Sometimes, I’m downright brutal; I berate myself for not getting all the things down, I’m by far my own worst critic, and I constantly focus on my mistakes. Sound familiar?
I think we treat ourselves poorly for a lot of reasons, but especially because we often believe its immodest to extend grace to ourselves—almost like we’re not being humble if we give ourselves some slack. Honestly though, self-abasement is abusive to the soul, and no matter how innately human, it draws us down a dark path. The truth is, we’re NOT perfect, the fact is, no one is. And the MOST graceless thing we can do to ourselves is to constantly focus on our shortcomings.
For example: living with chronic illness is my reality. I can’t do ALL the things anymore, and in this, I need to have grace, either that or the frustration around my physical limitations will destroy me emotionally. I also need to have more grace for myself when I mess up. While I should definitely acknowledge my mistakes, I can’t let them define me… Mistakes can be used to help me grow, but afterwards, I need to move on.
Personal grace will look different for each of us, but I honestly believe that if we don’t start extending more of it to ourselves, we’ll eventually have nothing left to give others.
A Word of Encouragement About Reviews to New Authors
I wonder what the world would be like if everything we ever created was subject to reviews?
Let’s imagine you spend three full months knitting a complex and detailed adult sweater, but, when it’s finished, you’re required to post that sweater online for reviews. Now, keeping in mind that most of the reviewers are not knitters themselves, what do you think the reviews will be like?
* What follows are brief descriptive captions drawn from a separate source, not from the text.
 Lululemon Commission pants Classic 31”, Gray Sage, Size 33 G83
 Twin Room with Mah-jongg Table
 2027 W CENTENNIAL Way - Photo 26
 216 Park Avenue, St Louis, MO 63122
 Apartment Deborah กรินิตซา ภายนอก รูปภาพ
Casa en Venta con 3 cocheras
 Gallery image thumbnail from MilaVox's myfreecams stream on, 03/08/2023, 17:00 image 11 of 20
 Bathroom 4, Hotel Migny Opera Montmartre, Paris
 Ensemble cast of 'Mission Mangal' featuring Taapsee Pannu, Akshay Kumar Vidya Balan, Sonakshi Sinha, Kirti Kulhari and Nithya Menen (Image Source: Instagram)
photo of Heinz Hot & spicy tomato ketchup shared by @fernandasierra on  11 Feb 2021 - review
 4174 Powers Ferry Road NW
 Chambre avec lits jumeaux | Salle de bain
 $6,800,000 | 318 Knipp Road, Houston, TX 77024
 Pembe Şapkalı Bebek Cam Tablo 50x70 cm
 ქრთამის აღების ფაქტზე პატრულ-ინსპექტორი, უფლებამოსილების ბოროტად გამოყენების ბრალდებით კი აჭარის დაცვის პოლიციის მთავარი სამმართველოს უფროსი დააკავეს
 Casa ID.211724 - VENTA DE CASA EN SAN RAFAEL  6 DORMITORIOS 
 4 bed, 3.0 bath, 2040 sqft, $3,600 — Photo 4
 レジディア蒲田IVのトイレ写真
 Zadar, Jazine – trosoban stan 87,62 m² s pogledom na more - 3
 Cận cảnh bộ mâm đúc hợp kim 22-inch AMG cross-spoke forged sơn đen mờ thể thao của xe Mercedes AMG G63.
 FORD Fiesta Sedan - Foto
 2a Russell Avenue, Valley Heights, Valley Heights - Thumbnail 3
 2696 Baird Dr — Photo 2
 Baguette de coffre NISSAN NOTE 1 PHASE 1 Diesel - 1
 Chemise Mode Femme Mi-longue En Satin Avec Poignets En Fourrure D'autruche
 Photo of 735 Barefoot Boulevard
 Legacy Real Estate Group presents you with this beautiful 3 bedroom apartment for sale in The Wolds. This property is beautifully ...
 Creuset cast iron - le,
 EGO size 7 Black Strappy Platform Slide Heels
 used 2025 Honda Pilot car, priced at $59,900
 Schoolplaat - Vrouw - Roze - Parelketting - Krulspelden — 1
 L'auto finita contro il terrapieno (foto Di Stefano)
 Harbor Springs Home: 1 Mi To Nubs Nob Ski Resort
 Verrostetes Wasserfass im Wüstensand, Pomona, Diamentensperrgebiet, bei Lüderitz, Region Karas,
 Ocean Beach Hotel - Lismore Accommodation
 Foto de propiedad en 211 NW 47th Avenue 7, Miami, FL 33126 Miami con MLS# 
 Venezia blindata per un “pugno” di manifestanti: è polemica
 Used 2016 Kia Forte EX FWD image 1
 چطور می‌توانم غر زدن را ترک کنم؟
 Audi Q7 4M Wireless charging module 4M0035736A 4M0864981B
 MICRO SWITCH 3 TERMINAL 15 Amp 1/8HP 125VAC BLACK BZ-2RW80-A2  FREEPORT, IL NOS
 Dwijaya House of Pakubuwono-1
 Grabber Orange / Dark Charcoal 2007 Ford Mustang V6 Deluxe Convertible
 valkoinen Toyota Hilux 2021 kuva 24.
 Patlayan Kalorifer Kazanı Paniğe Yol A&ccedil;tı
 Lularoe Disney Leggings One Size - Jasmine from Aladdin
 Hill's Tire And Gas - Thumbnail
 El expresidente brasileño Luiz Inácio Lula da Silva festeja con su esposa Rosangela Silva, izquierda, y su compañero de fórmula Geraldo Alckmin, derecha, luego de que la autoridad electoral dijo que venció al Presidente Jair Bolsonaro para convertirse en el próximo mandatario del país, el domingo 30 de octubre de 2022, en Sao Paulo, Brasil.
My guess is that some people might feel your craftsmanship was exquisite even though they didn’t like the colour, others might love the colour but feel like the cable design was off, still others might love most of it but not like the texture.
This is the inevitable nature of reviews, isn’t it?
People’s likes and dislikes are entirely subjective, and taste varies wildly from person to person…
I just released my debut novel, The Maiden Ship on February 7, 2020 and this is my first real experience being open to public review as an author. It’s an interesting journey, and for the sake of bringing my point home, I want to share a few of the contrasts I’ve read in the reviews on my own book: one reviewer thought my main character’s pinnacle development moment came too abruptly while another thought he took forever to get there, another said my writing was not poetic enough while another called it too flowery, and while some loved that my novel maintained a male POV (point of view) throughout, some criticized this by saying that a girl (me) should not be writing in a male POV. Talk about variety, hey?!
Quite honestly it’s impossible to be hurt by any of these, none of them are objective, they’re obviously based on personal bias and taste. I know all you veteran authors out there have this down pat already, but I just want to encourage the newbie authors out there, like me, not to take these reviews to heart. That’s not to say constructive criticism from knowledgeable professionals should be ignored, not at all, but when it comes to the average online review, you need to take them all with a grain of salt. And NEVER, EVER let them discourage you, SIMPLY KEEP WRITING!
P.S. I’ve also learned not to trust book reviews for my own reading choices. From now on, I plan to let a book speak for itself and I’ll no longer be turned off from reading something I’m interested in just because of a random two star review that was posted online—who’s to say that what didn’t suit that person won’t suit me? Of course if you still feel like you need reviews then let me suggest you seek out friends with similar tastes instead, that way you’ll be able to trust their recommendations whole heartedly. Happy reading!